Monday, Jul. 10, 1950

"Time for Unity"

Congress was a different body of men last week. The faces were the same, but the words had changed.

"I approve completely what has been done," said New Hampshire's Styles Bridges, long a sharp-tongued critic of Administration foreign policy. Sage old Charles Eaton, top Republican of the House Foreign Affairs Committee, agreed: "We've got a rattlesnake by the tail and the sooner we pound its damn head in, the better." Added Virginia's Democrat Harry Byrd, leader of the Dixie dissenters, "This is a time for unity, as we must win."

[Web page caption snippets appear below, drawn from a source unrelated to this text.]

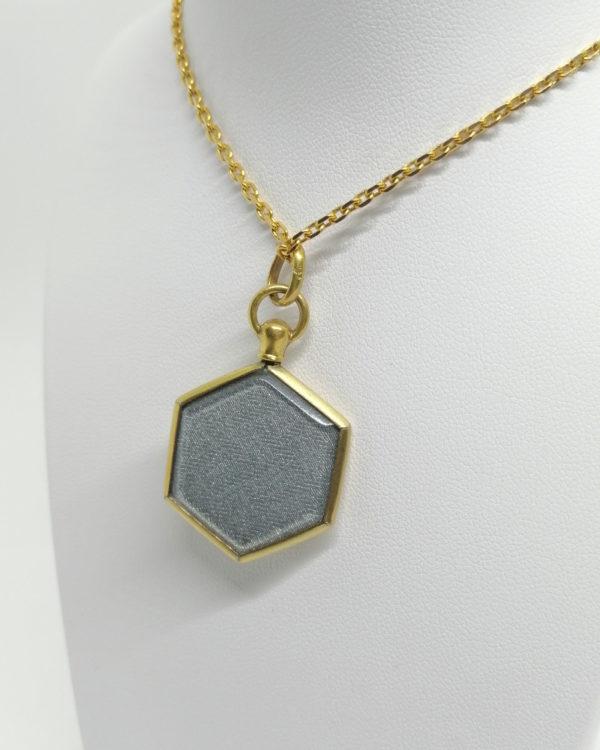 Pendentif, porte-photo en plaqué or, de forme hexagonale. – Image 3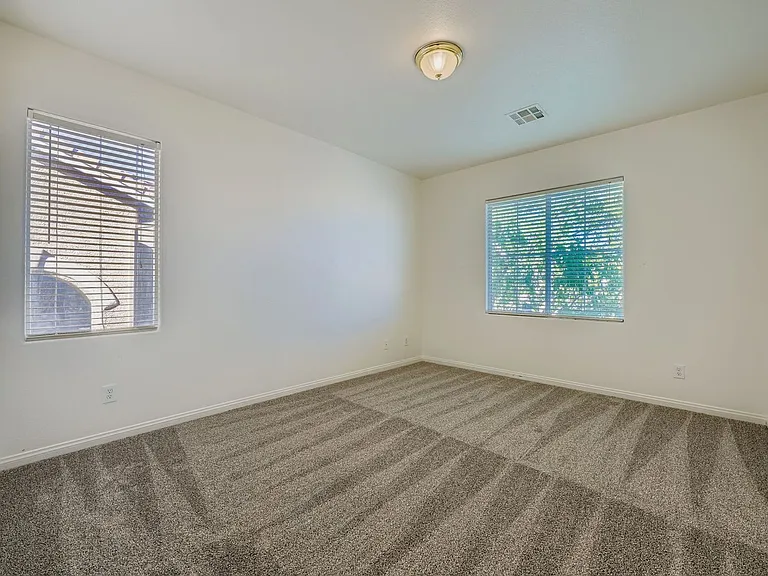 10701 Sapphire Vista Ave — Photo 13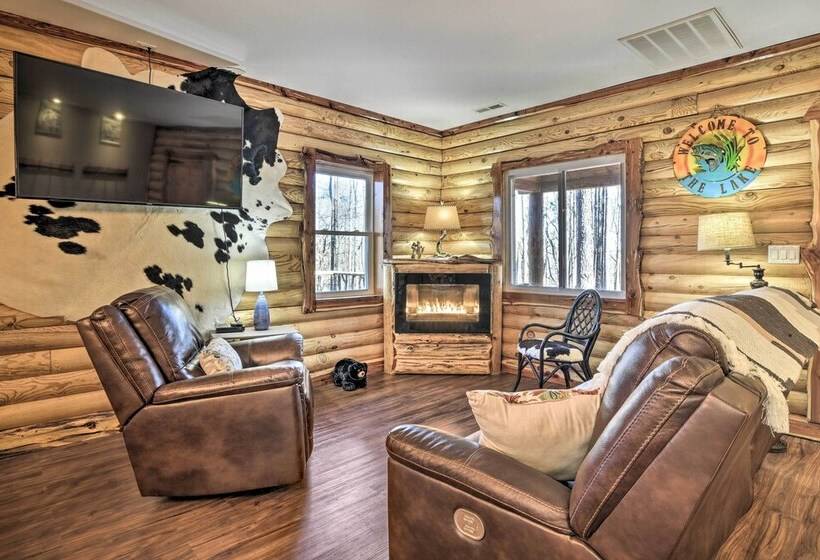 Stylish Creekside Cabin W/ Fire Pit Near Wineries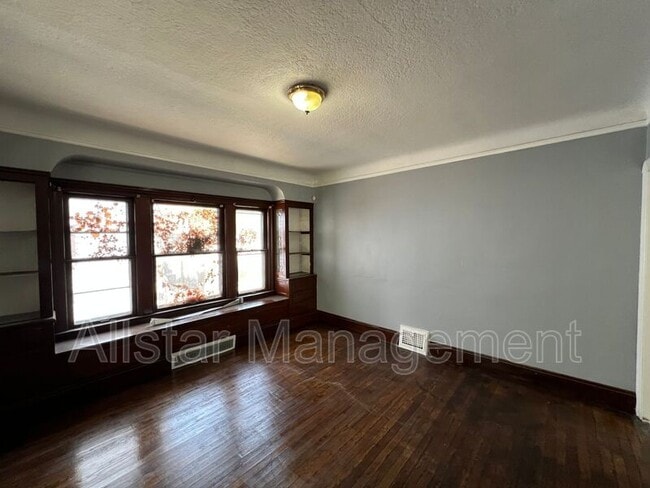 Building Photo - 3257 E 139th St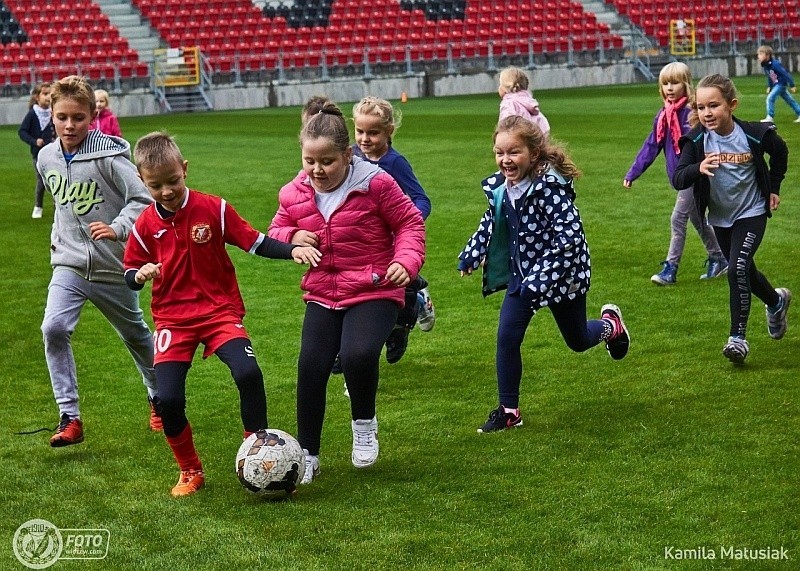 Sportowe ślubowanie pierwszoklasistów na stadionie Widzewa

Zero Votes. The House, which only six months ago had voted down U.S. aid to Korea (and then sheepishly reversed itself) got busy too. It cut short debate on extending the peacetime draft, a red-hot issue suddenly cooled by the winds of necessity, and approved it 315 to 4. The Senate sent it along next day, 76 to 0. The President was thus assured of another year's power to draft 19-to 26-year-olds, and new power to call up the National Guard and the reserves in an emergency.

After the long days of partisan clamor, the Senate rushed through the Mutual Defense Assistance Program, a measure authorizing another $1.2 billion to arm Western Europe and to provide at least $16 million more for Korea and the Philippines. The vote: 66 to 0.

These unanimous and near-unanimous votes were significant, but they did not tell the whole story. The Senate was no longer a cave of winds echoing to the oratory of such agile and bitter isolationists as William Borah, Gerald Nye and Burton Wheeler. The dissenters of 1950 were less adept men, like Missouri's fuzz-tongued James P. Kem or Kenneth Wherry, the minority leader from Nebraska, or droning George Malone of Nevada. Conspicuous in their van last week stood the usually forceful and logical Robert A. Taft of Ohio. The President, said Taft, had no legal authority to take the measures he had taken.

Taft and Wherry announced that they would stand behind the President, but they had a few rocks in their hands when they said it, and quickly whizzed them off at Secretary of State Dean Acheson's elegant top hat. The Communist attack in Korea might well not have taken place, argued Taft, if the U.S. had given the South Koreans proper aid, and he thought Acheson "had better resign." Wherry loudly agreed. Now that the U.S. had decided to protect Formosa, as he had urged, said Taft, he felt vindicated. But Taft said nothing about Senate votes last September and again in May, to authorize multimillion-dollar aid to Korea. Among those who had voted against the bill, both times: Kenneth Wherry and Robert A. Taft.

Old Habits. Congress had reacted to the crisis quickly and well, but it did not shake all of its old habits. The House completed action on a bill cutting excise taxes, thereby restricting revenue at a time when more taxes would probably be needed; then dispersed for its ten-day Fourth of July holiday. The Senate calendar was still clogged with Fair Deal measures which had been debatable before, and were now clearly luxuries.

No one any longer thought that Congress would adjourn by Aug. 1 for the rest of the year. As long as the crisis lasted, Congress would stay in session.